Objective - To examine the role of prostaglandins and enteric nerves in mediating intestinal secretion induced by enterotoxigenic Escherichia coli heat-stable enterotoxin (STa) in pig jejunum and distal portion of the colon Animals - Two- to 3-week-old suckling crossbred pigs were studied Design - Changes in ion transport in response to mucosal addition of E coli STa to jejunal and colonic tissues were studied in the presence and absence of inhibitors Procedure - Flat sheets of muscle-stripped proximal portions of the jejunum and distal portions of the colon were mounted in Ussing chambers equipped to measure changes in short-circuit current (lsc), a measure of active ion transport.

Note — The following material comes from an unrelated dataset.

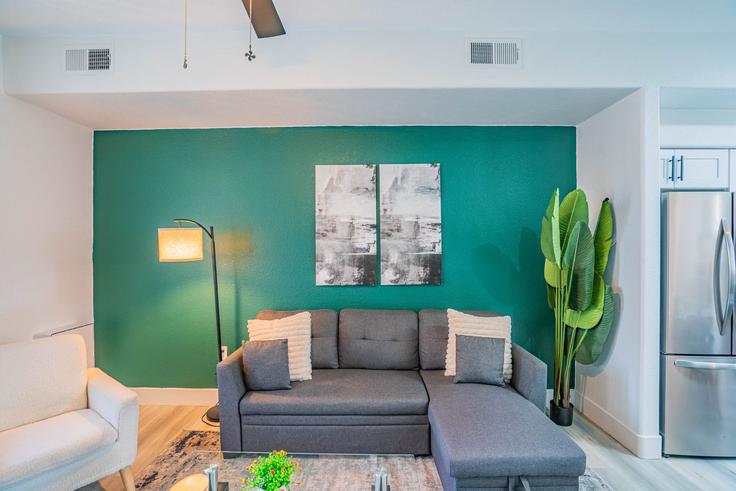 Glendale GlendaleのBuilding North 93rd Avenue - klvg-properties - 1263194 - USAのアパートメントにある、モダンな家具を備えたエレガントなデザインのリビングルーム Glendale GlendaleのBuilding North 93rd Avenue - klvg-properties - 1263194 - USAのアパートメントにある、モダンな家具を備えたエレガントなデザインのリビングルーム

Tissues were exposed to 200 ng of STa/ml administered to mucosal solutions, and subsequent changes in lsc were recorded. Results - In control tissues, changes in lsc induced by STa in the distal colon were significantly greater (21.4 ± 4 μA/cm2) than those observed in the jejunum (14.0 ± 2 μA/cm2). When either segment was exposed to the neurotoxin, tetrodotoxin, or to the nitric oxide synthase inhibitor, NG-nitro-L-arginine-methyl ester, lsc responses to STa were unchanged, suggesting no involvement of sub-mucosal nerves in mediating STa-induced secretion. When tissues from the distal portion of the colon and jejunum were pretreated with piroxicam, a prostaglandin synthesis inhibitor, the STa-induced lsc response was significantly reduced by 52 and 57%, respectively. Conclusions - These results indicate that the pig jejunum and distal portion of the colon are sensitive to the secretory actions of enterotoxigenic E coli STa, and that the responses are mediated, in part, by release of prostaglandins.
|Number of pages||5|
|Journal||American Journal of Veterinary Research|
|State||Published - Feb 1996|
ASJC Scopus subject areas
- Veterinary (all)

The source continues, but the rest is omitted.